[Brief descriptive captions]
Segment Open

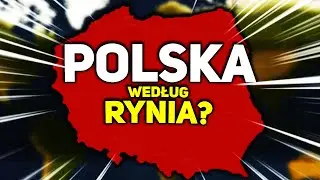 POLSKA WEDŁUG RYNIA - Age of History II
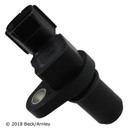 Beck/Arnley Engine Camshaft Position Sensor 180-0519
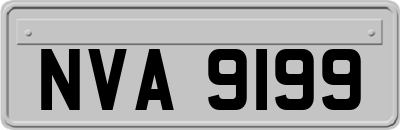NVA9199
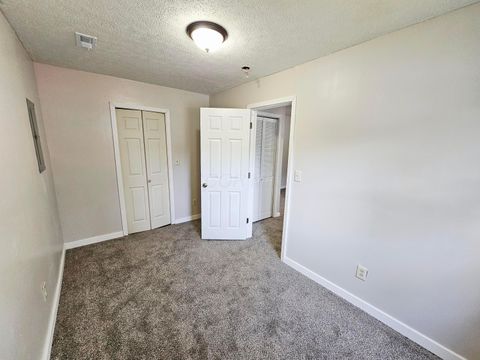 Tiny photo for 30 Market Street, Bloomingburg, OH 43106 (MLS # 226013574)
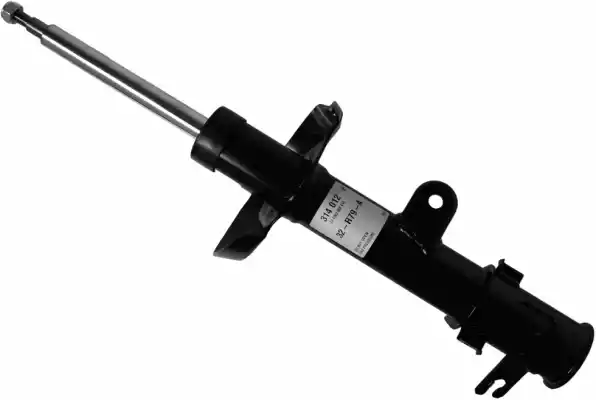 Αμορτισέρ KIA SPORTAGE 2004 - 2008 ( JE ) SACHS 314 012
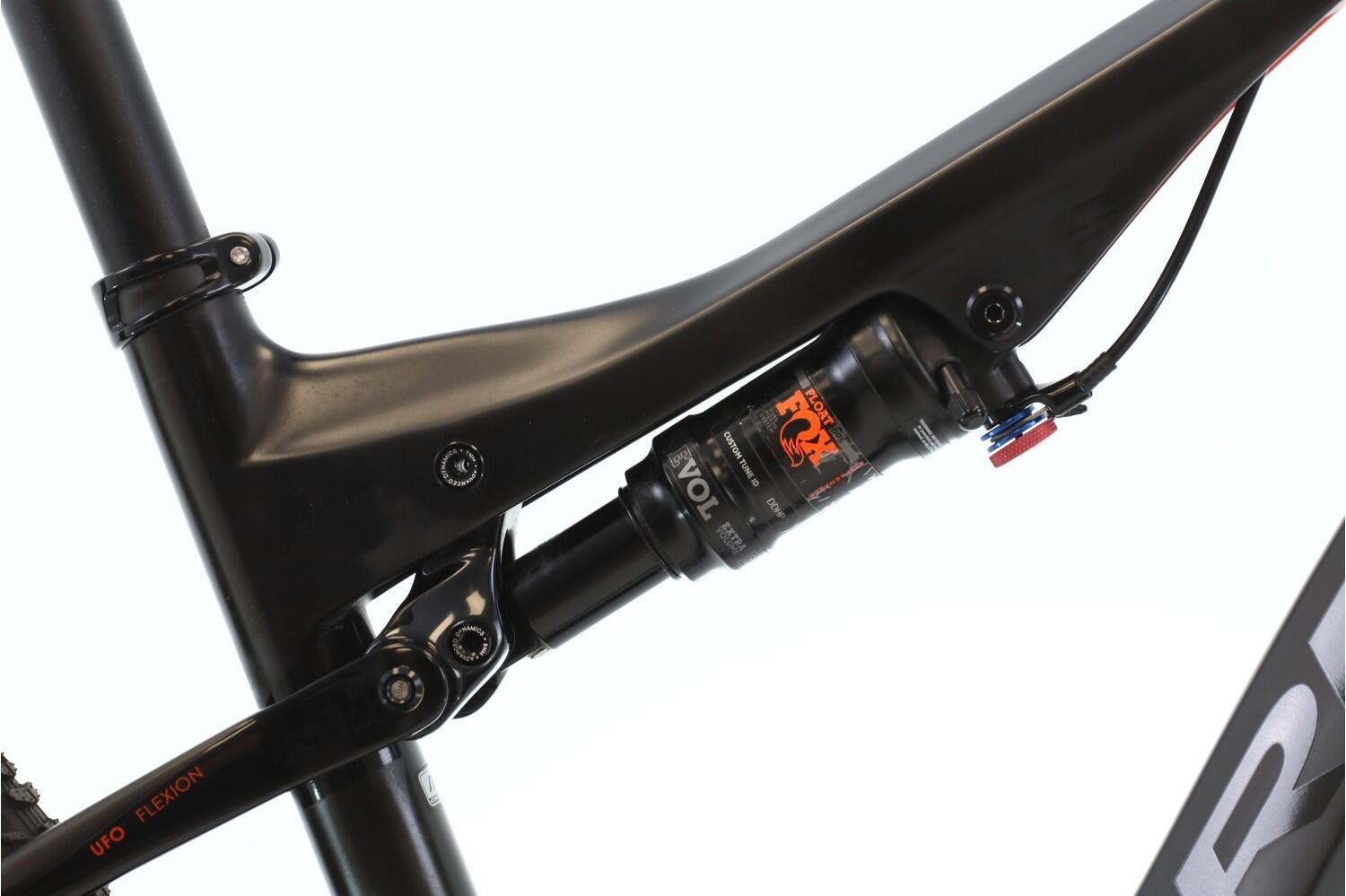 Segunda Vida · BTT ·  Oiz M30 29 XT · Muito bom estado 7/8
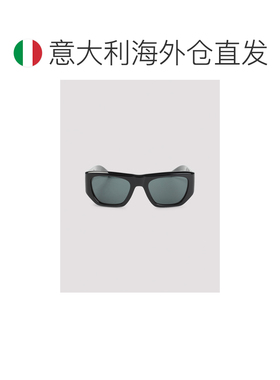 欧洲直邮saint laurent 女士 太阳镜配饰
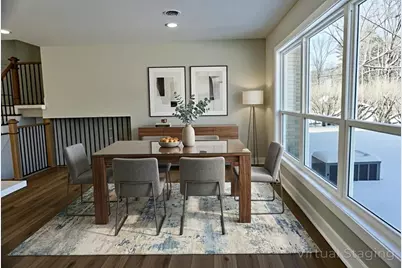 2018 E Ivy Lane, Mount Prospect, IL 60056 - Photo 12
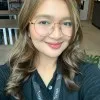 Marjorie Christine Manarang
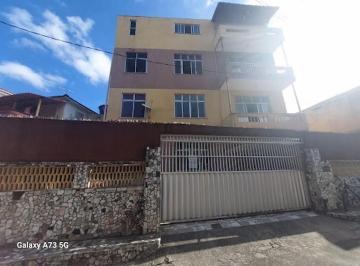 b2bba95755d31e604f7e929feda801103f121793 · Apartamento Residencial à venda, Bonfim, Salvador - AP0654.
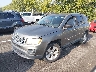 1J4NT1FA9BD****** Usados y Reparables 2011 Jeep Compass en Nashville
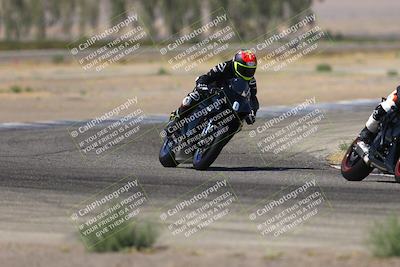 media/Sep-07-2025-Pacific Track Time (Sun) [[a6322260b9]]/C Group/Sunrise/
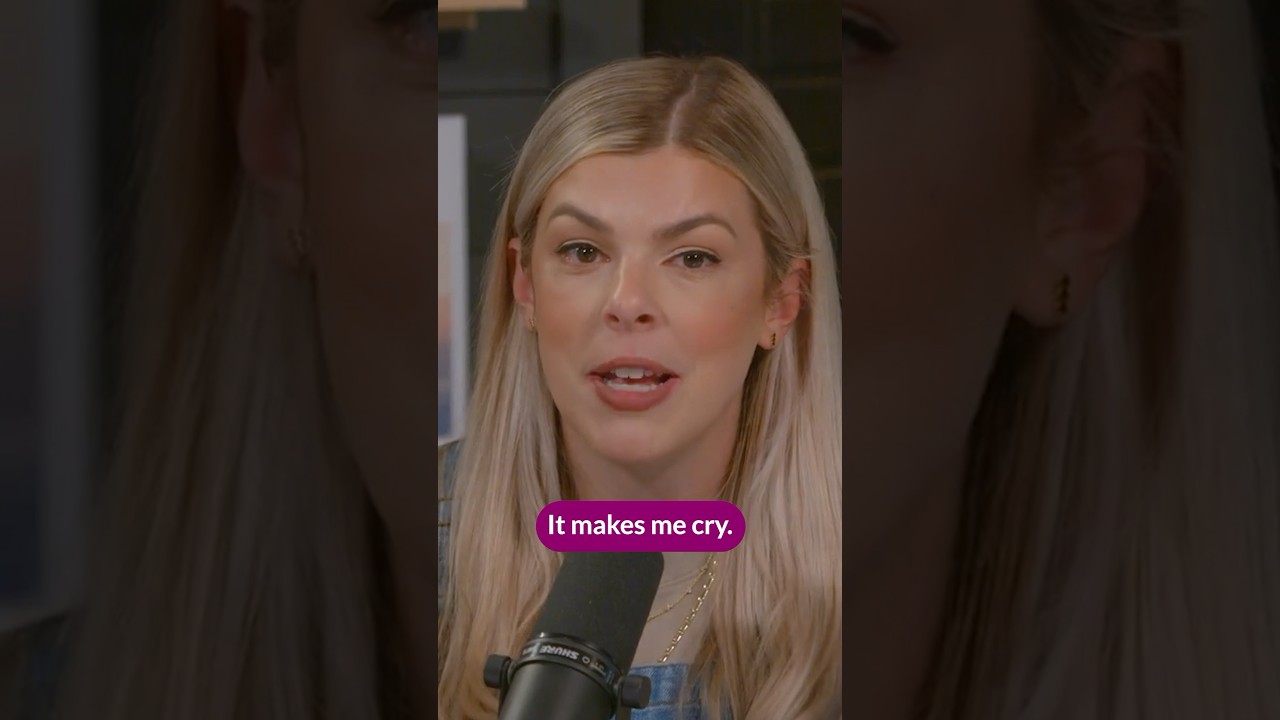 My favorite part of the Bible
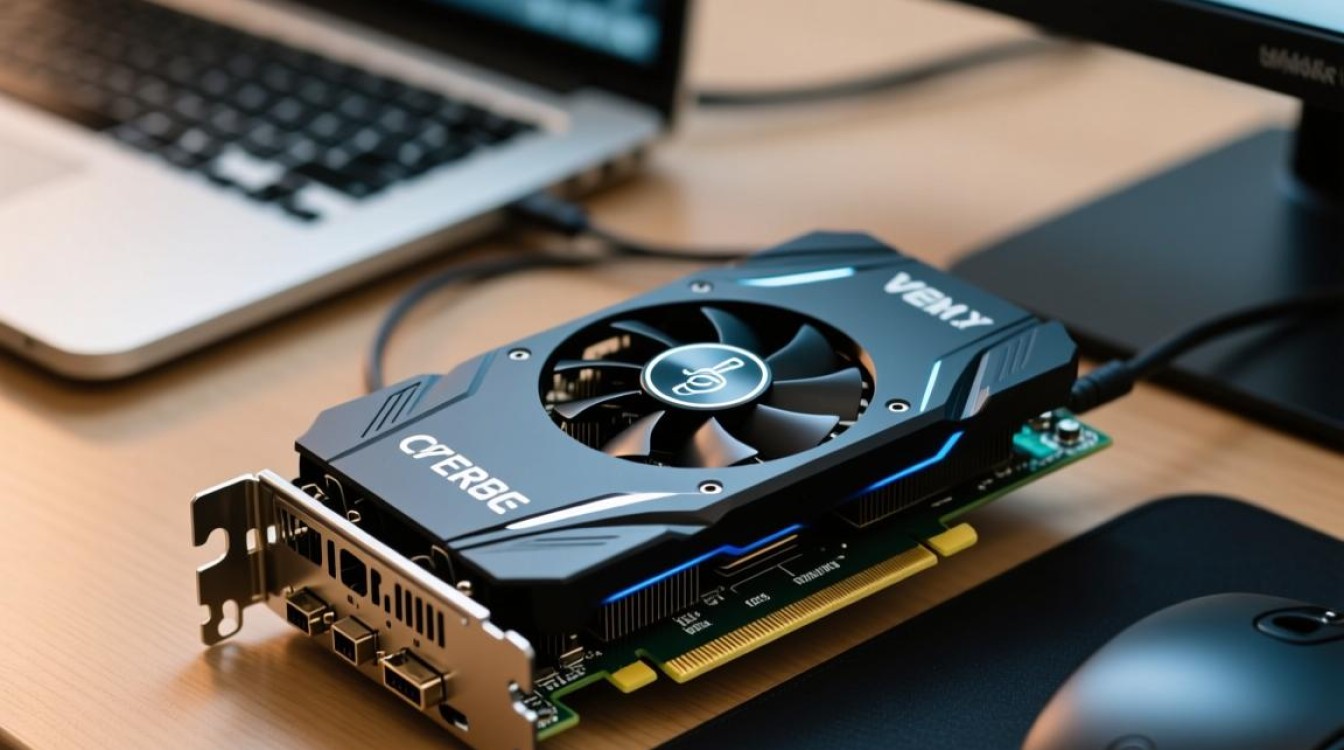 声卡驱动安装报错 声卡驱动安装报错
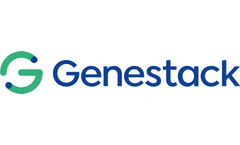 Integration of KnetMiner tools - Case Study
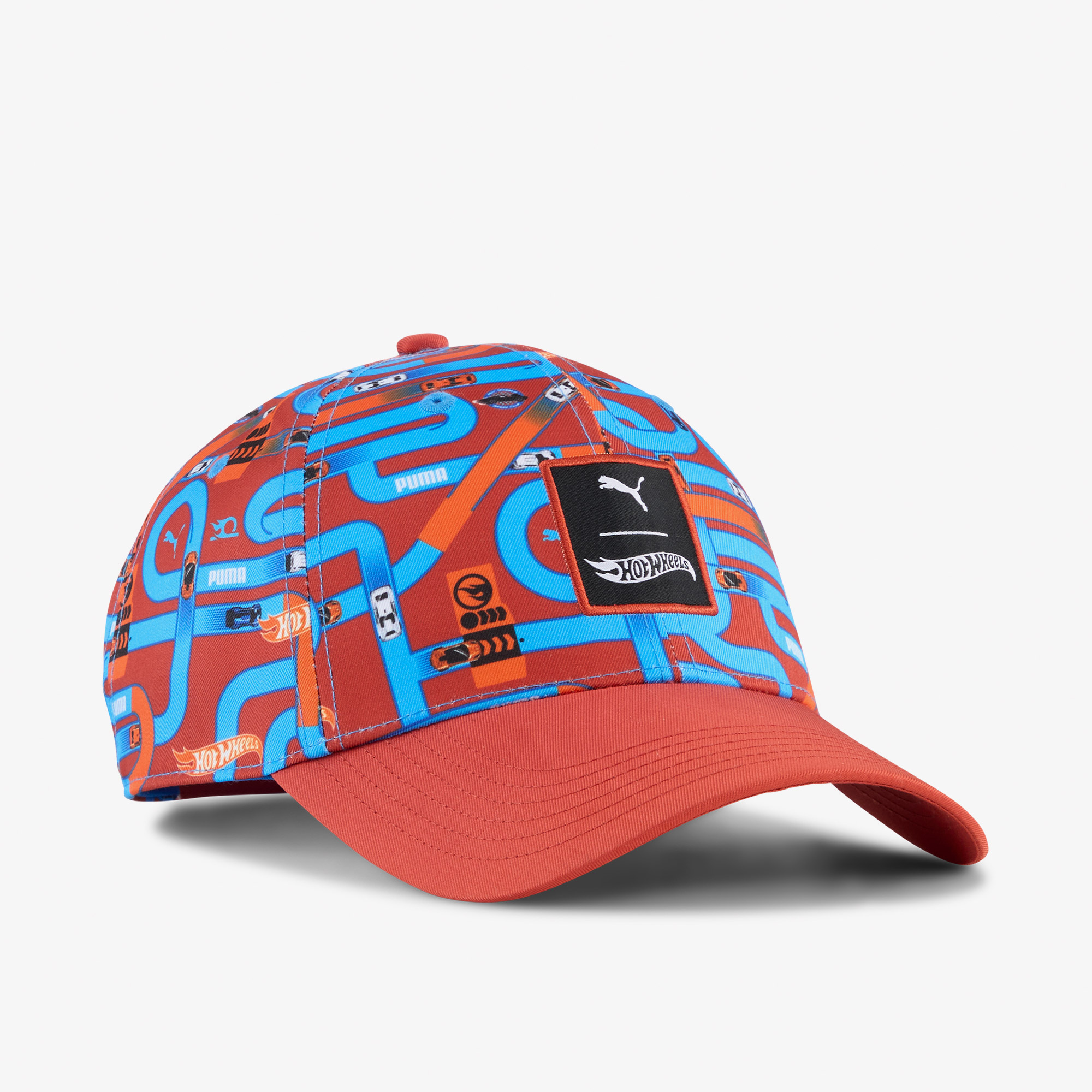 product_detail_image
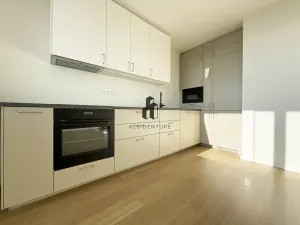 Pronájem bytu 3+kk, Praha - Krč, Horáčkova, 65 m2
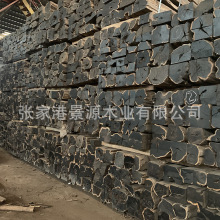 东非黑黄檀 紫光檀 乌木 家具材 雕刻 工艺品 高端家具 实木家具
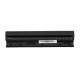 Bateria do Dell Latitude E6220, E6320 4400 mAh (49 Wh) 10.8 - 11.1 Volt Bateria do Dell Latitude E6220, E6320 4400 mAh (49 Wh) 10.8 - 11.1 Volt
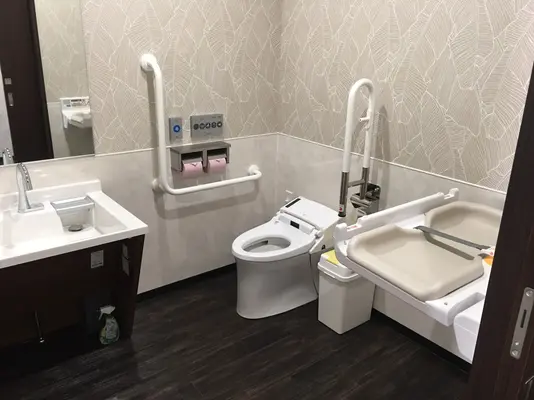 株式会社セレモニー美和で葬儀を行なった写真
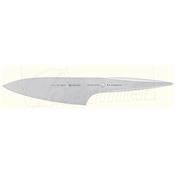 Couteau cuisine Type 301 petit Santoku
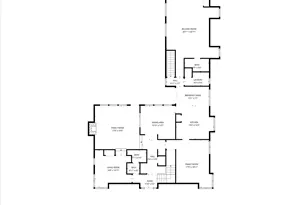 22329 NE 28th St, Sammamish, WA 98074 - Photo 38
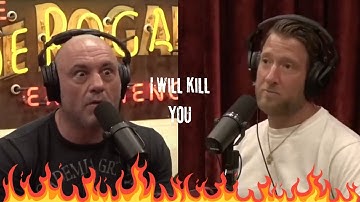 Joe Rogan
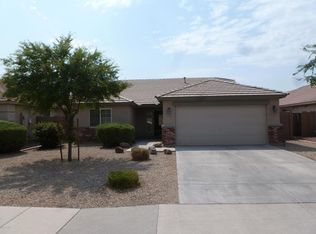 15283 W Riviera Dr, Surprise, AZ 85379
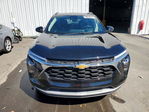 Chevrolet Trax 2025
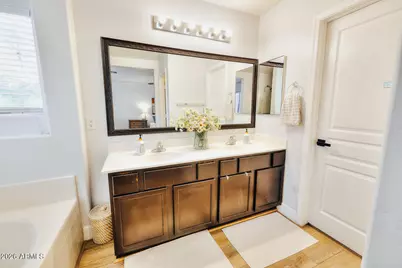 635 S Buena Vista Avenue, Gilbert, AZ 85296 - Photo 21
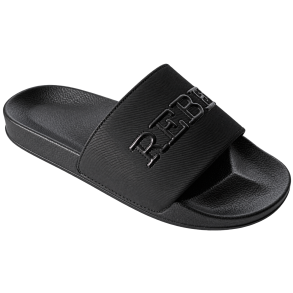 Rebel Badesandal 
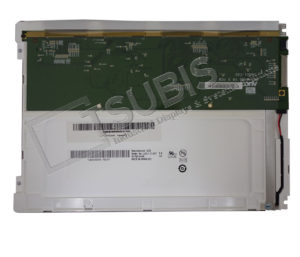 G084SN05 V8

Segment Closed

(Work to complete): When copying, output the data exactly and leave out the pictures.

(Solution to this task):
 POLSKA WEDŁUG RYNIA - Age of History II
 Beck/Arnley Engine Camshaft Position Sensor 180-0519
NVA9199
 Tiny photo for 30 Market Street, Bloomingburg, OH 43106 (MLS # 226013574)
 Αμορτισέρ KIA SPORTAGE 2004 - 2008 ( JE ) SACHS 314 012
 Segunda Vida · BTT ·  Oiz M30 29 XT · Muito bom estado 7/8
 欧洲直邮saint laurent 女士 太阳镜配饰
 2018 E Ivy Lane, Mount Prospect, IL 60056 - Photo 12
 Marjorie Christine Manarang
 b2bba95755d31e604f7e929feda801103f121793 · Apartamento Residencial à venda, Bonfim, Salvador - AP0654.
 1J4NT1FA9BD****** Usados y Reparables 2011 Jeep Compass en Nashville
 media/Sep-07-2025-Pacific Track Time (Sun) [[a6322260b9]]/C Group/Sunrise/
 My favorite part of the Bible
 声卡驱动安装报错 声卡驱动安装报错
 Integration of KnetMiner tools - Case Study
 product_detail_image
 Pronájem bytu 3+kk, Praha - Krč, Horáčkova, 65 m2
 东非黑黄檀 紫光檀 乌木 家具材 雕刻 工艺品 高端家具 实木家具
 Bateria do Dell Latitude E6220, E6320 4400 mAh (49 Wh) 10.8 - 11.1 Volt Bateria do Dell Latitude E6220, E6320 4400 mAh (49 Wh) 10.8 - 11.1 Volt
 株式会社セレモニー美和で葬儀を行なった写真
 Couteau cuisine Type 301 petit Santoku
 22329 NE 28th St, Sammamish, WA 98074 - Photo 38
 Joe Rogan
 15283 W Riviera Dr, Surprise, AZ 85379
 Chevrolet Trax 2025
 635 S Buena Vista Avenue, Gilbert, AZ 85296 - Photo 21
 Rebel Badesandal 
 G084SN05 V8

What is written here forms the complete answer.